ISLAMABAD: A delegation from the International Monetary Fund (IMF) is scheduled to visit Pakistan on November 2 for discussions regarding the initial assessment of the country’s $3 billion standby arrangement (SBA).
The Finance Ministry of Pakistan has initiated preparations for the upcoming talks with the global lending institution.
IMF’s resident representative, Esther Perez Ruiz, confirmed this development. Pakistan, currently under a caretaker administration, is focused on economic recovery following the IMF’s approval of its loan program in July of this year.
This loan program played a crucial role in averting a sovereign debt default, with Pakistan receiving the initial $1.2 billion tranche shortly after approval.
Esther Perez Ruiz mentioned, “An International Monetary Fund team led by Mr. Nathan Porter will embark on a mission to Pakistan starting on November 2 for the first review under the current Stand-By Arrangement.”
Concurrently, the Finance Secretary has called for a vital meeting involving all ministries, divisions, and departments to receive updates on structural benchmarks, indicative criteria, and performance criteria agreed upon with the IMF for the end of September 2023.

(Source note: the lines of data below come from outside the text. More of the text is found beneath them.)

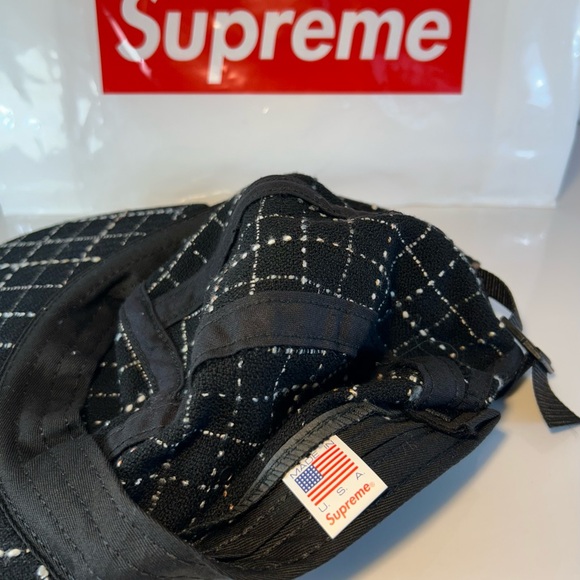 Supreme Boucle Camp Cap - Picture 6 of 7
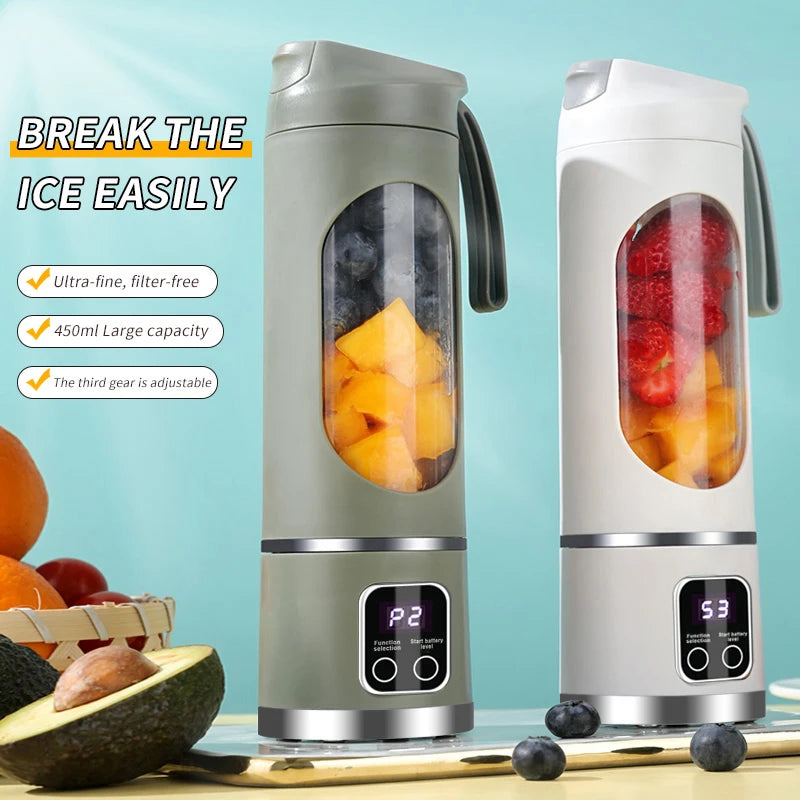 Small Portable Blender and Juicer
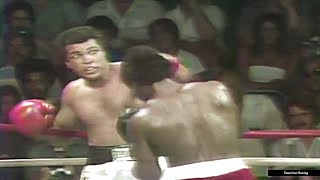 Ali plays with Dokes   Exhibition HD 60fps  April16 1977 [upl. by Atteyek143]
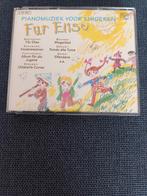 PIANOMUZIEK VOOR KINDEREN : FUR ELISE - 2 CD SET, Cd's en Dvd's, Ophalen of Verzenden, Boxset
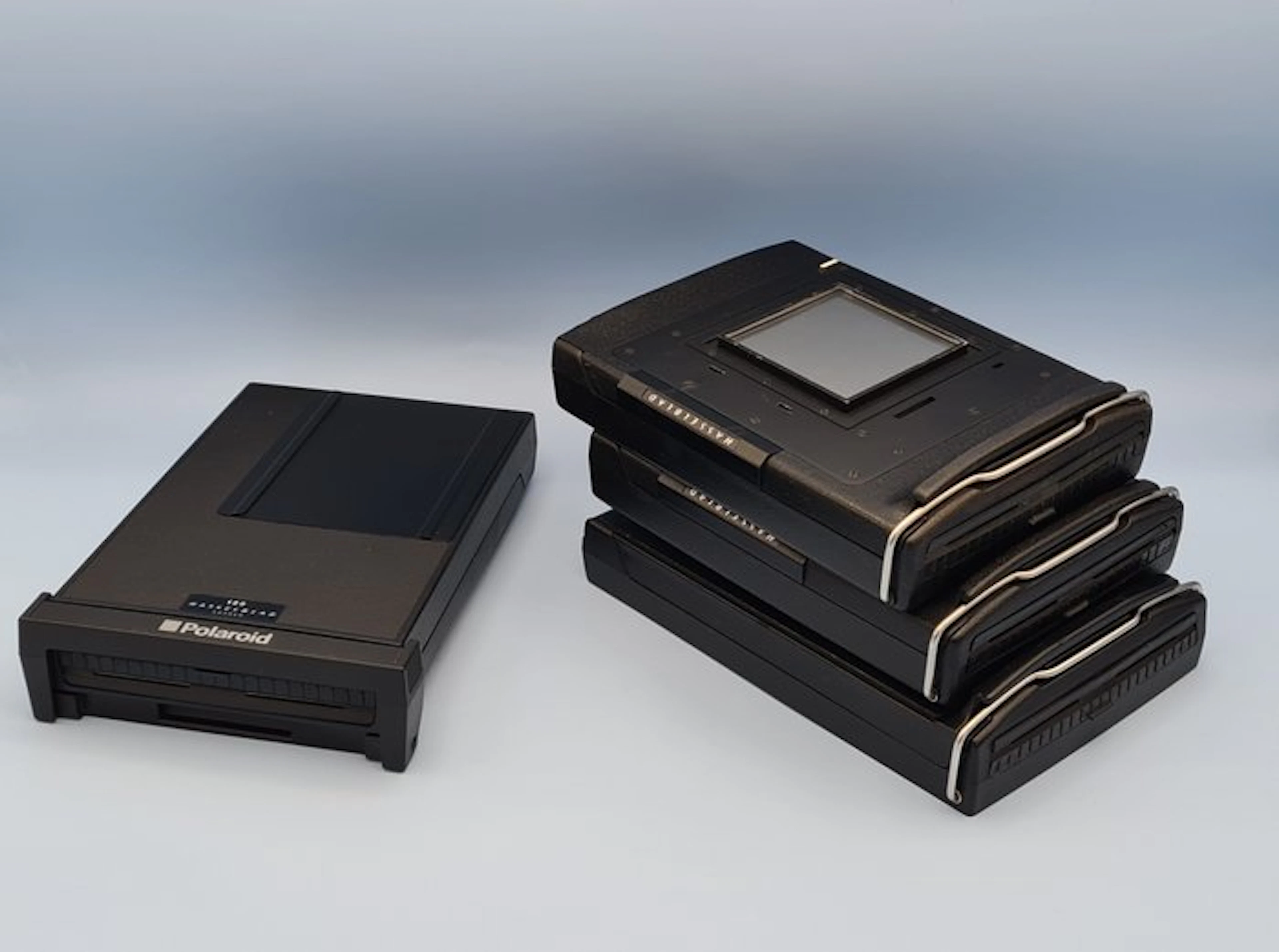 Hasselblad 4x Polaroid Magazines Film holder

The Finance Ministry has implemented extensive measures to meet the budget deficit target set in agreement with the lender. Provinces were cautioned to reduce their expenditures, and recent provisional estimates indicate notable progress in this regard, particularly in Punjab and Sindh.
An additional challenge in managing the overall fiscal deficit is the growing debt servicing requirements, expected to exceed Rs8.3 trillion and reach Rs8.5 trillion in the current fiscal year 2023–24. This deviation from the initial target of Rs7.3 trillion is primarily due to the elevated policy rate set by the central bank.